The firm claims that the interest rate-setting Federal Open Market Committee (FOMC) meetings, which are closed to the public, violate a 49-year-old federal transparency law.
The Government in Sunshine Act was established in 1976, following the Watergate scandal, to promote transparency in federal decision-making. While the law contains several exemptions, Azoria said the central bank’s “decades-long policy of blanket secrecy is unlawful.”
Fishback and his firm are concerned that the Powell-led central bank is keeping interest rates too high. He argues that this policy seeks “to undermine President Donald J Trump and his economic agenda, to the detriment of American citizens and to our economy.”
The lawsuit further argues that because the Fed is not facing public scrutiny, it is “deliberately undermining the public accountability envisioned by Congress.” In addition, it claims that if firms such as Azoria do not have real-time access to FOMC discussions, it “cannot fully consider and protect itself against Federal Reserve policy shifts that can create volatility.”
Should the July 29–July 30 closed-door meeting proceed as usual, “it will unlawfully deprive Azoria and the American public of timely access to deliberations that may reveal improper political motives behind the FOMC’s decisions,” the document states.

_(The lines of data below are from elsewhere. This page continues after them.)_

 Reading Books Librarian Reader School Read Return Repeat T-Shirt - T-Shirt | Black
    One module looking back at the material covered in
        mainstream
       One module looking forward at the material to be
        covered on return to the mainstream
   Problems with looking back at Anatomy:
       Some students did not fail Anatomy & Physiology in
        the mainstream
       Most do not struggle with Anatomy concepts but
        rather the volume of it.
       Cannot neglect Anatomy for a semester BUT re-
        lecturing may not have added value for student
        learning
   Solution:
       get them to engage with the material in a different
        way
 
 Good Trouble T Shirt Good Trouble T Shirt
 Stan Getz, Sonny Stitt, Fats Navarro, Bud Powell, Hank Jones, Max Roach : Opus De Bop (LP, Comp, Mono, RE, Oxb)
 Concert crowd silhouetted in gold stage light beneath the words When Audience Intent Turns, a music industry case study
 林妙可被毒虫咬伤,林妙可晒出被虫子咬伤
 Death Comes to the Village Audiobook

If the District of Columbia court rejects the emergency request, Fishback noted, an appeal would be submitted to the U.S. Court of Appeals for the D.C. Circuit, or if that fails, Azoria will seek intervention from the U.S. Supreme Court.

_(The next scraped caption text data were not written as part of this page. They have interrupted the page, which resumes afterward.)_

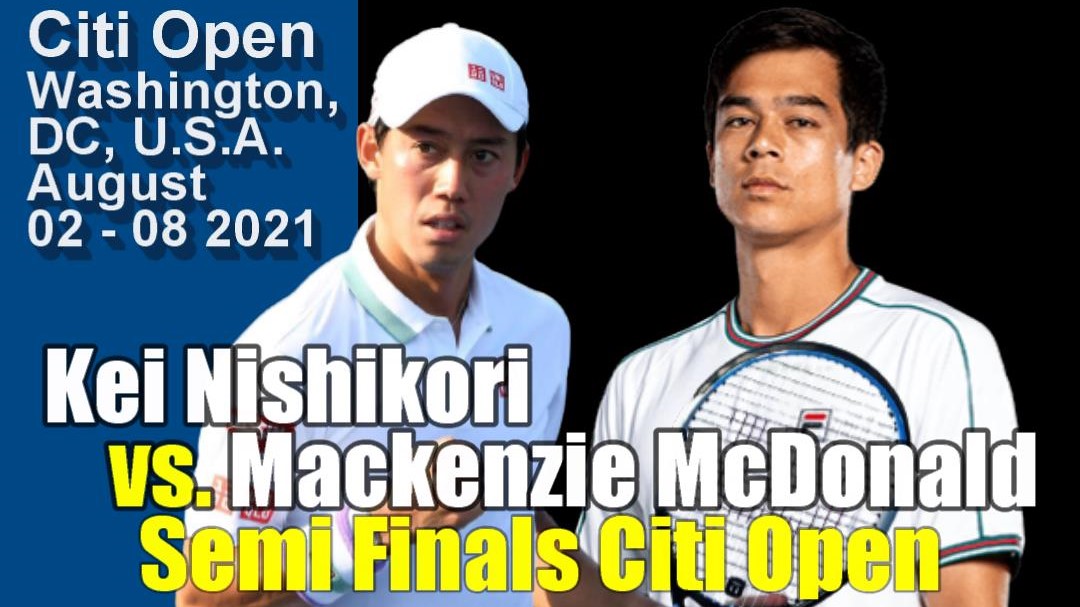 シティ・オープン(ワシントンテニス大会)男子シングルス準決勝(SemiFinal) 錦織圭vsマッケンジー・マクドナルド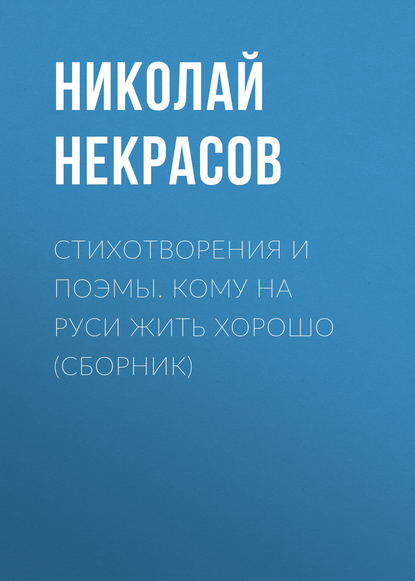 Стихотворения и поэмы. Кому на Руси жить хорошо (сборник) — Николай Некрасов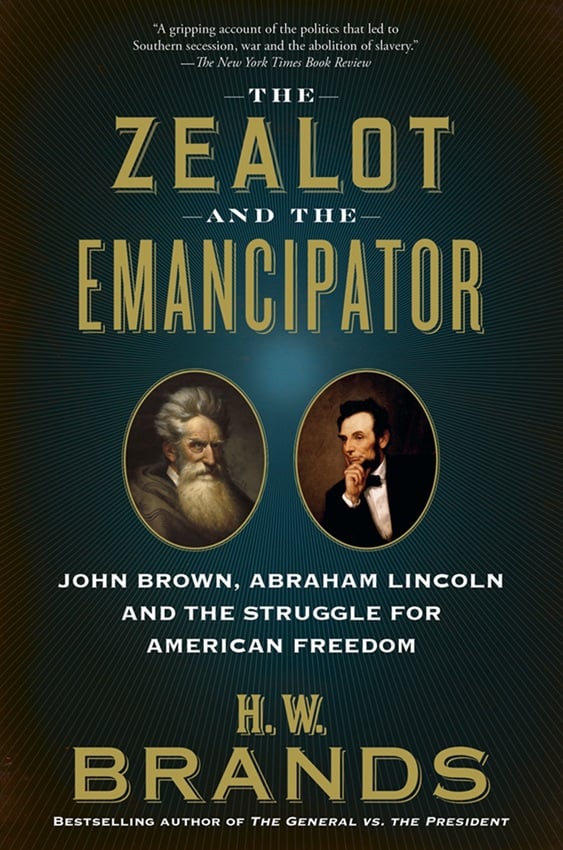 Cover of The Zealot and the Emancipator: John Brown, Abraham Lincoln and the Struggle for American Freedom by H.W. Brands.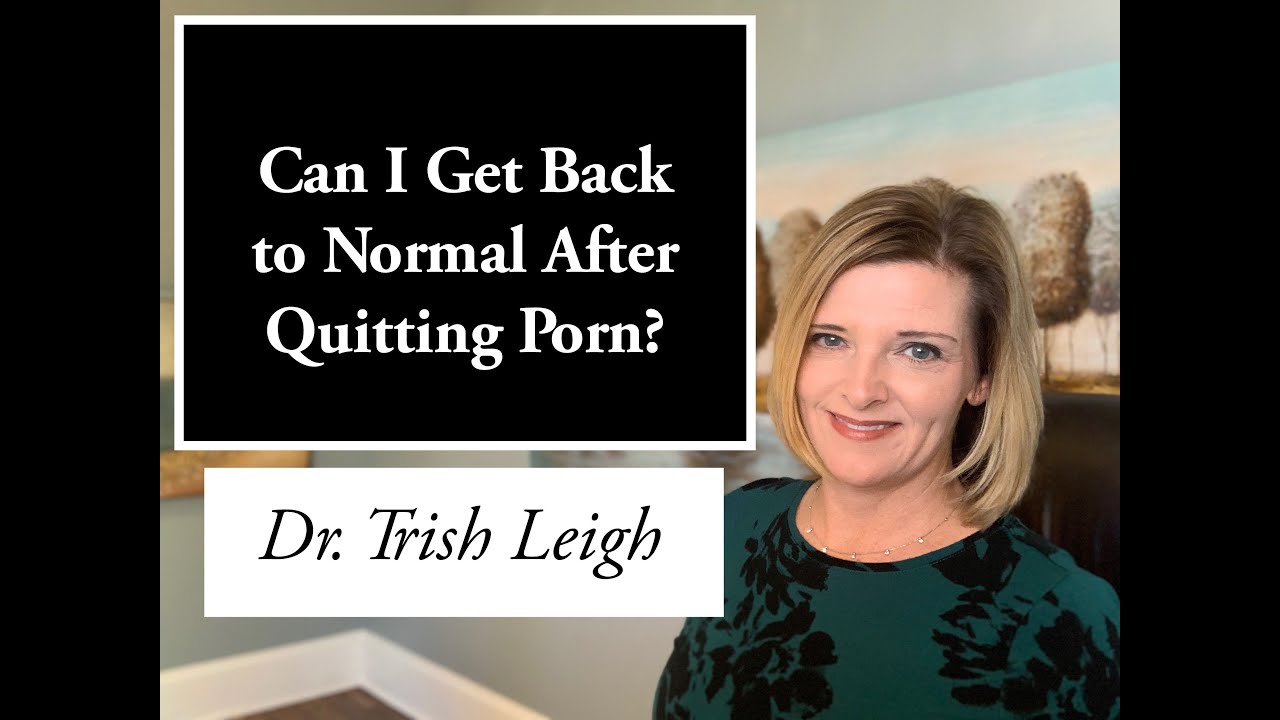 Can I Get Back to Normal After Quitting Porn?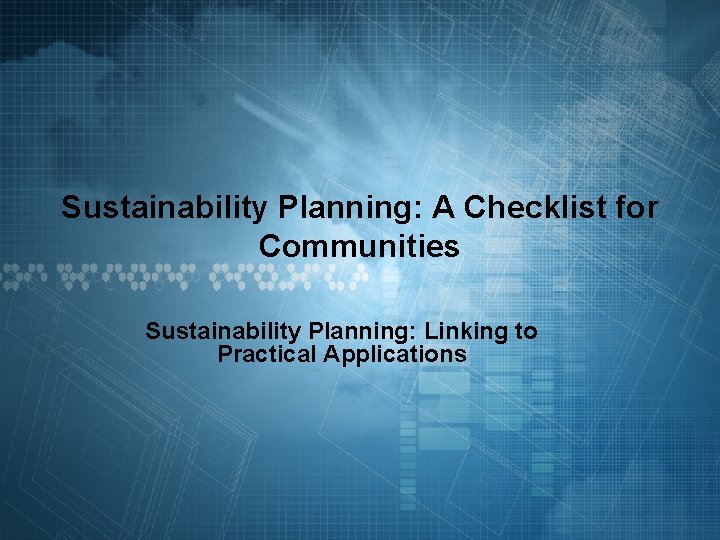 Sustainability Planning: A Checklist for Communities Sustainability Planning: Linking to Practical Applications 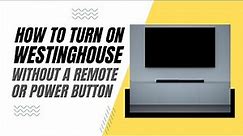 How To Turn On a Westinghouse TV Without a Remote or Power Button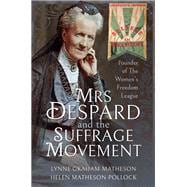 Mrs Despard and the Suffrage Movement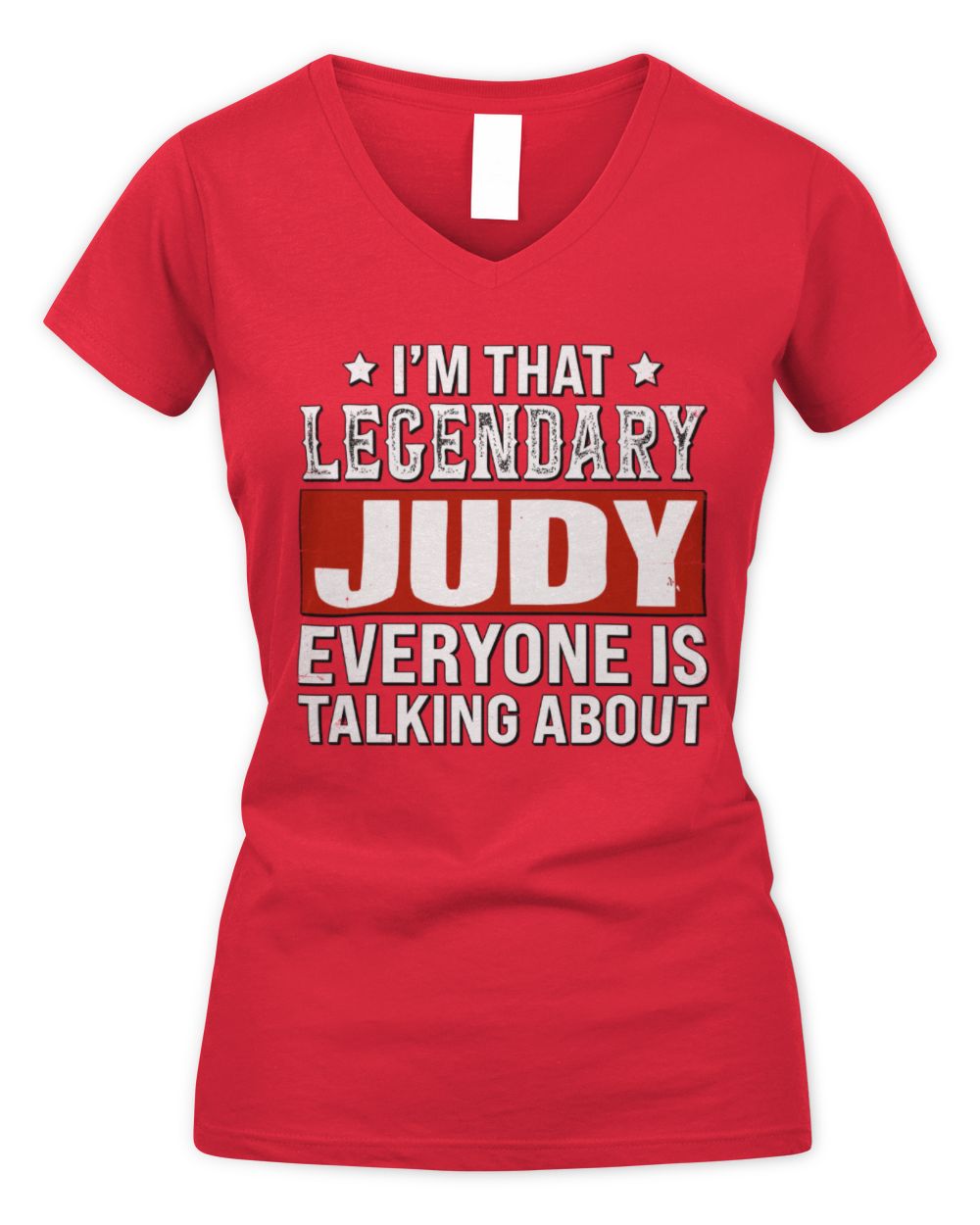 I'm That Legendary Name Everyone Is Talking About Funny Graphic T-Shirt JUDY M1-73 / Women's V-Neck T-Shirt / red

In addition to Powell, the other FOMC members listed in the court documents are Michael Barr, Michelle Bowman, Susan Collins, Lisa Cook, Austan Goolsbee, Philip Jefferson, Adriana Kugler, Alberto Musalem, Jeffrey Schmid, Christopher Waller, and John Williams.
White House, Federal Reserve Spat
The president and senior administration officials have ratcheted up their pressure campaign to encourage Powell and his colleagues to lower interest rates.The Fed has left the benchmark federal funds rate—a key interest rate that influences business, consumer, and government borrowing costs, and can impact Treasury yields—unchanged in a range of 4.25 percent to 4.5 percent since January.

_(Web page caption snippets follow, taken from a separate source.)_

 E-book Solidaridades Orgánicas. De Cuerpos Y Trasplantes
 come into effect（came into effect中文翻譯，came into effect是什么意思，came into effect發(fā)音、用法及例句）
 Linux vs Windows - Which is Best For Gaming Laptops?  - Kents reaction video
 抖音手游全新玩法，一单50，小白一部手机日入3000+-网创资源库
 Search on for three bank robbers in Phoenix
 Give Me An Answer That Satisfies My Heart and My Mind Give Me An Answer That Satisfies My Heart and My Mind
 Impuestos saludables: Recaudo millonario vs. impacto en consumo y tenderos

Powell and his colleagues have been apprehensive about restarting the Fed’s easing cycle over concerns that the president’s changes to trade policy will reignite inflationary pressures.
“We do expect ... tariff inflation to show up more,” Powell told the House Financial Services Committee during June’s semi-annual monetary policy report.
“But I want to be honest—we really don’t know how much of that’s going to be passed through to the consumers. We just don’t know. And we won’t know until we see it. It could be lower than we expect; it could be higher. We have to wait and see, which is kind of what we’re doing.”
President Donald Trump and the White House have repeatedly stated that tariffs are not causing increases in consumer prices.

“Goods and imported goods prices started to diverge toward the end of 2023, and have continued since,” the report stated. “Importantly, there is no clear trend break so far this year. This analysis suggests that tariffs have not reduced the disinflationary impulse from imported goods as of May.”
In June, the consumer price index rose by 0.3 percent, the producer price index was unchanged at zero percent, and import prices ticked up 0.1 percent. The PCE price index, which will be released next week, is projected to have climbed by 0.3 percent.
Despite his ongoing criticisms of Powell, the president has reaffirmed that he will not fire the central bank chief. Powell’s term ends in May 2026.
Trump visited the Federal Reserve’s construction site on July 24 and briefly met with Powell. The president estimated that the cost of renovations to the central bank’s headquarters is $3.1 billion, up from $2.5 billion.
Powell disagreed, telling Trump that the revised number includes the cost of a third building that was completed five years ago. “It’s not new,” the Fed chief said.
“So we’re going to take a look,” Trump responded. “We’re going to see what’s happening, and it’s got a long way [to go].”
Russ Vought, director of the Office of Management and Budget, said in a July 10 statement on X that the Fed head “has grossly mismanaged the Fed.”
“Instead of attempting to right the Fed’s fiscal ship, you have plowed ahead with an ostentatious overhaul of your Washington, D.C., headquarters,” Vought said.
Powell and other Fed officials defended the size and scope of the renovation and its costs, pointing to the fact that the headquarters was constructed in the 1930s.
The Federal Reserve declined to comment on the lawsuit.